EXERCISE PROMPT. What is needed is an exact transcription of the listing, with the images removed.

*** RECORDED DATA Section Begins ***

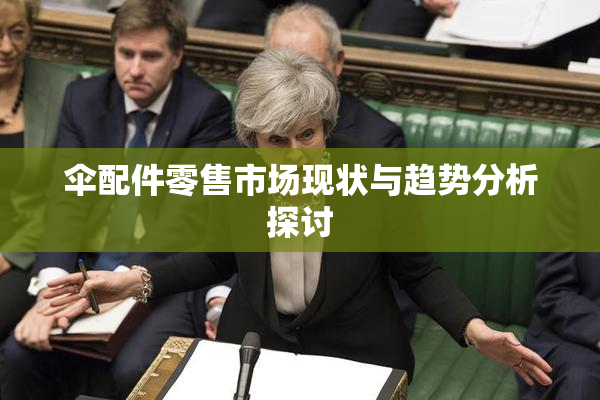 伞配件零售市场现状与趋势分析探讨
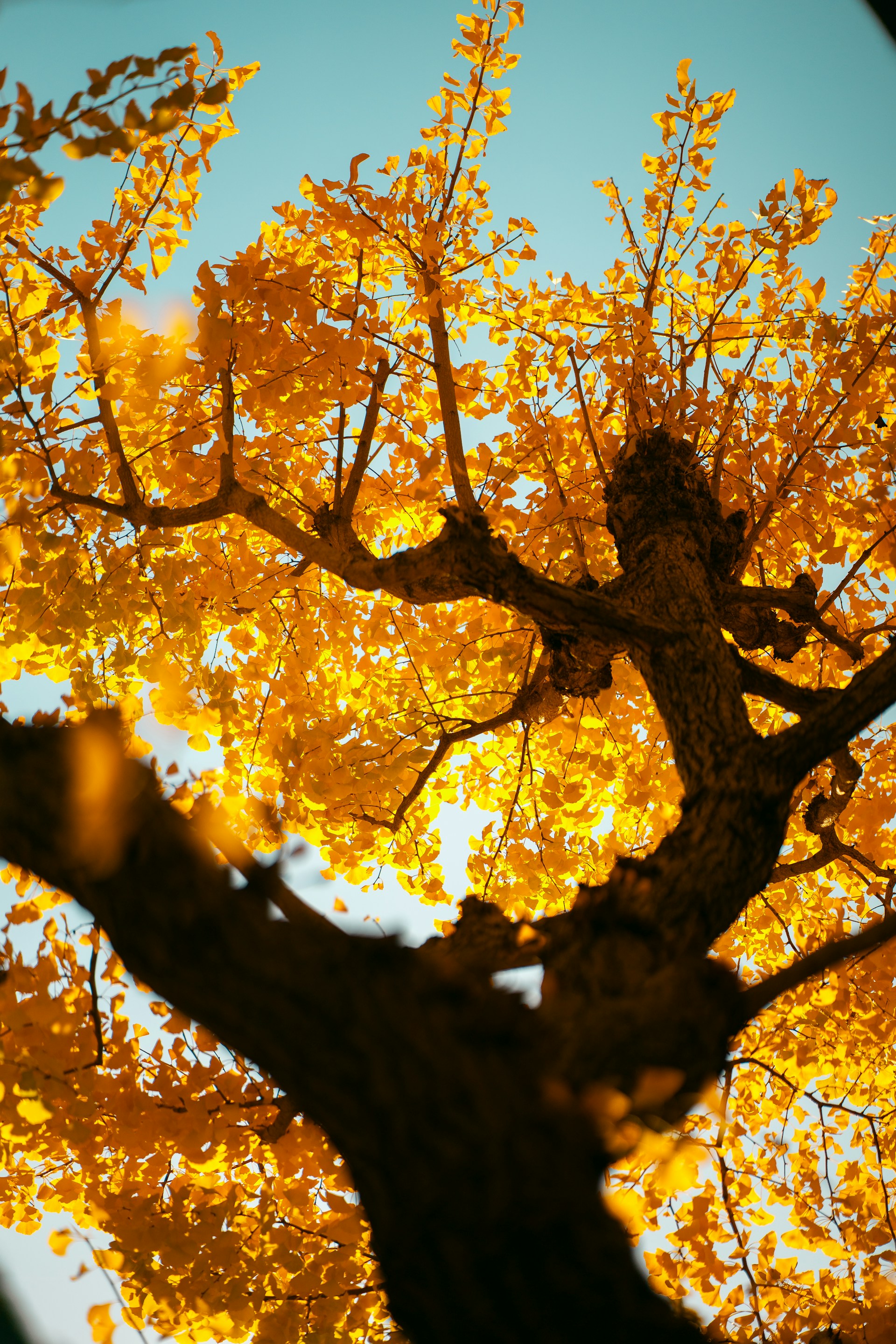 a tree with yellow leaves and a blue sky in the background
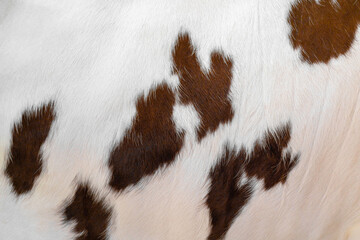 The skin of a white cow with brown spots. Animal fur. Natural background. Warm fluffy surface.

*** RECORDED DATA Section Ends ***

FINISHED TASK.
 伞配件零售市场现状与趋势分析探讨
 a tree with yellow leaves and a blue sky in the background
 The skin of a white cow with brown spots. Animal fur. Natural background. Warm fluffy surface.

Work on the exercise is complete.